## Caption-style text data
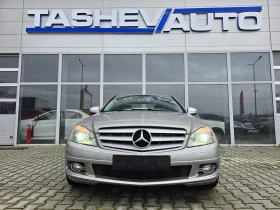 Mercedes-Benz C 220 Автоматик !!AVANTGARDE!Навигация!Германия!! - 7500 € / 14668.73 лв. - 94437541 3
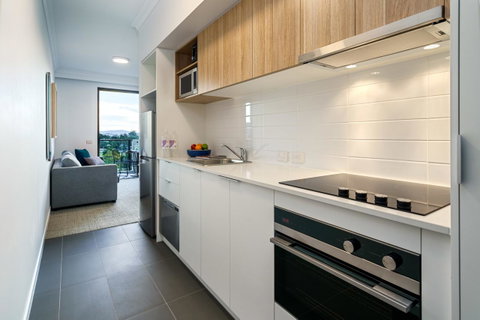Quest Cannon Hill - Tourism Noosa 8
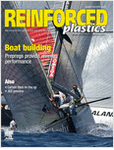 Reinforced Plastics - darmowa prenumerata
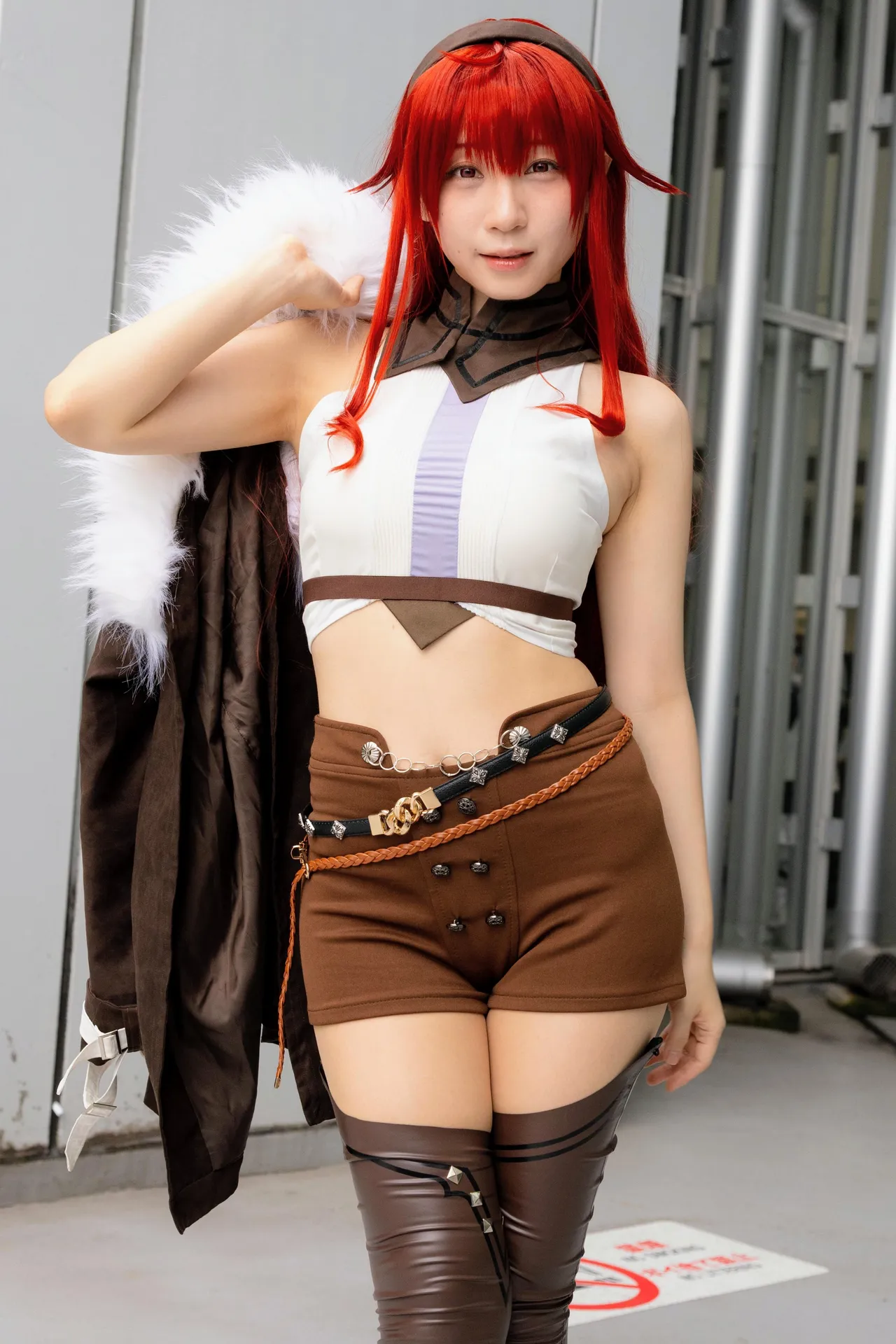 Iori Moe - Eris Iori Moe - Eris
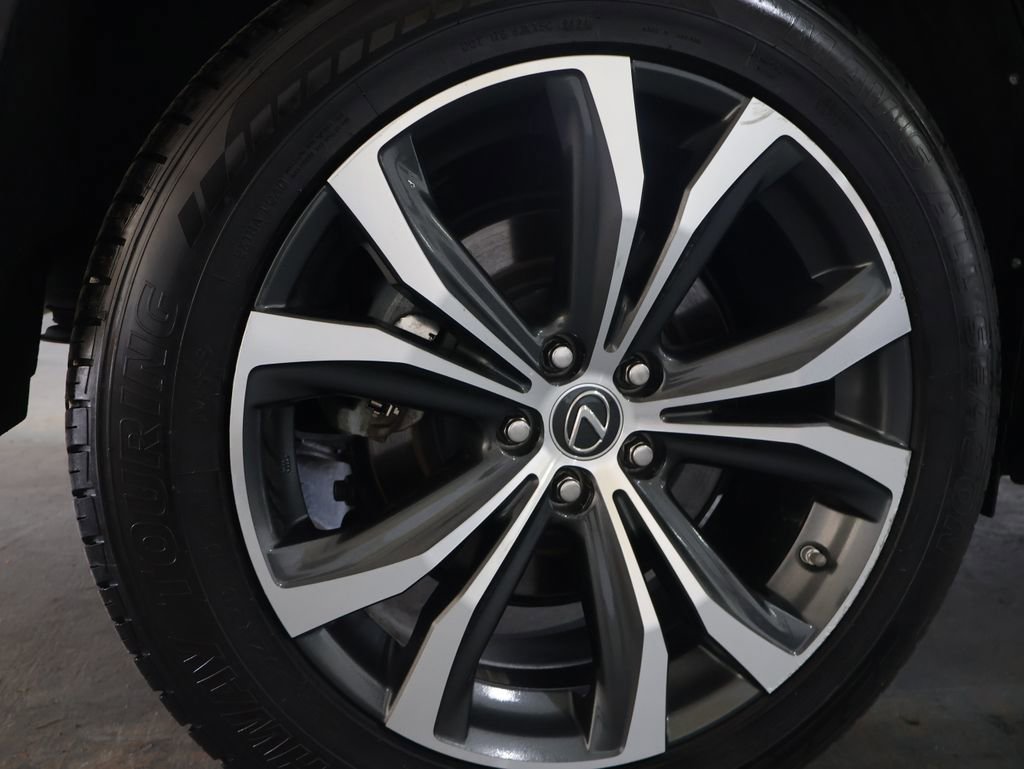 Used 2021 Lexus RX 350 FWD w/ Premium Package image 30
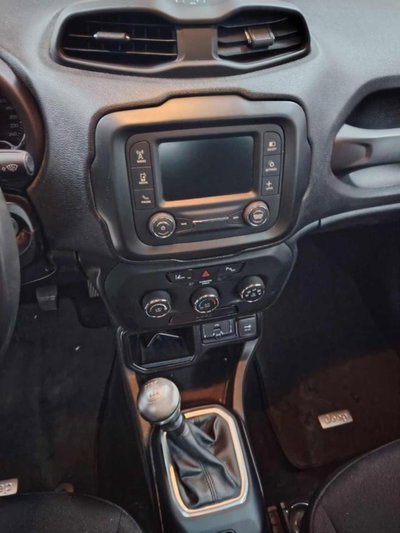 Jeep Renegade 1.0 T3 Limited (5)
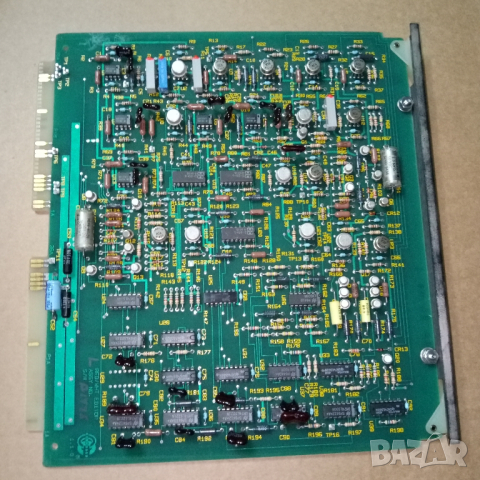 Платки с ел компоненти 35-В, снимка 5 - Друга електроника - 44882699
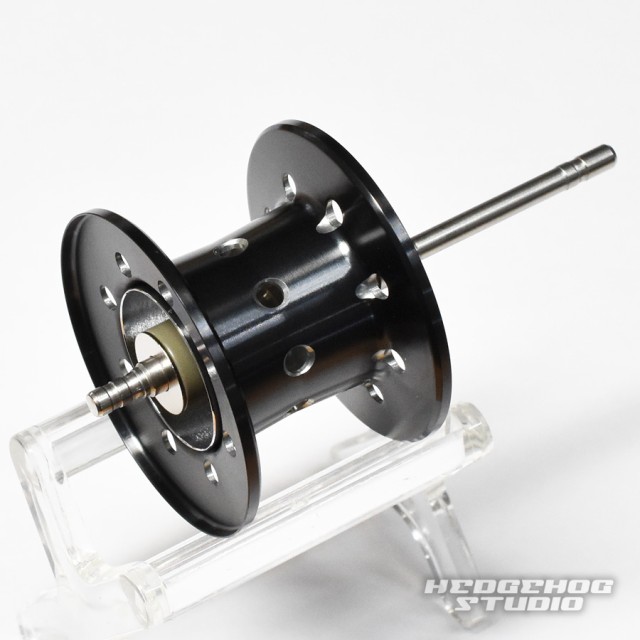 シマノ純正】19-20カルカッタコンクエストDC 200用 純正スペア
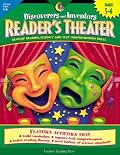 Reader's Theater: Discovers and Inventors, Gr. 5-6 (Reader's Theater)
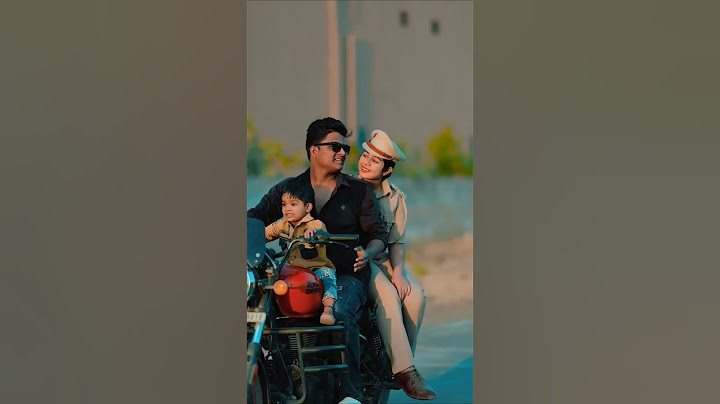 Wife Ban gyi police 👮‍♀️ ❤️#comedy@MrBeast@yrf@WWE@zeetv@tseries@YouTube@PewDiePie💕💞🥰💖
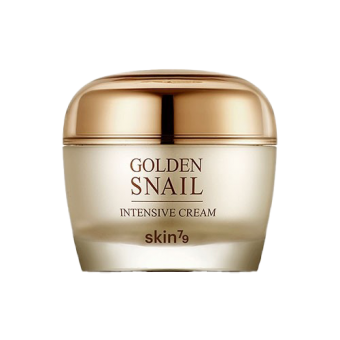 SKIN79 Gesichtscreme Schneckenschleim Golden Snail Intensive CREAM 50g
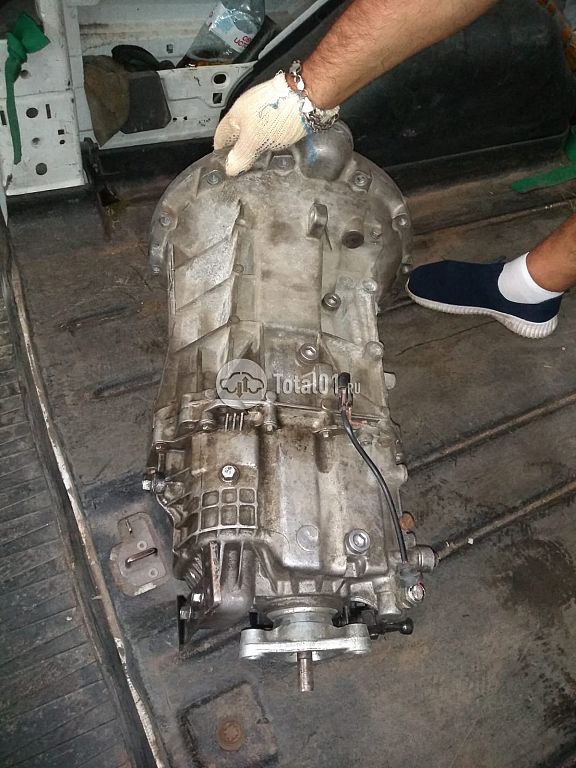 Фото Sollers ATLANT 326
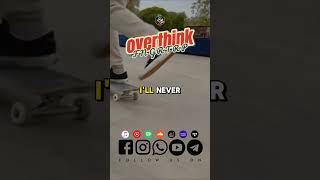 F N G R T R P  Overthink [upl. by Ihcas]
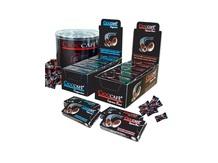 Купить оптом недорого Зерна кофе в шоколаде — находка для кофейных гурманов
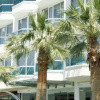Отель Idahan Otel, фото 19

## Exercise instructions
Because only one stretch of the records is wanted, please output the lines from the one holding "Wife Ban gyi" through the one holding "F N G R T R" exactly, both included, and leave every picture out.

## Solution to the problem
 Wife Ban gyi police 👮‍♀️ ❤️#comedy@MrBeast@yrf@WWE@zeetv@tseries@YouTube@PewDiePie💕💞🥰💖
 SKIN79 Gesichtscreme Schneckenschleim Golden Snail Intensive CREAM 50g
 Фото Sollers ATLANT 326
 F N G R T R P  Overthink [upl. by Ihcas]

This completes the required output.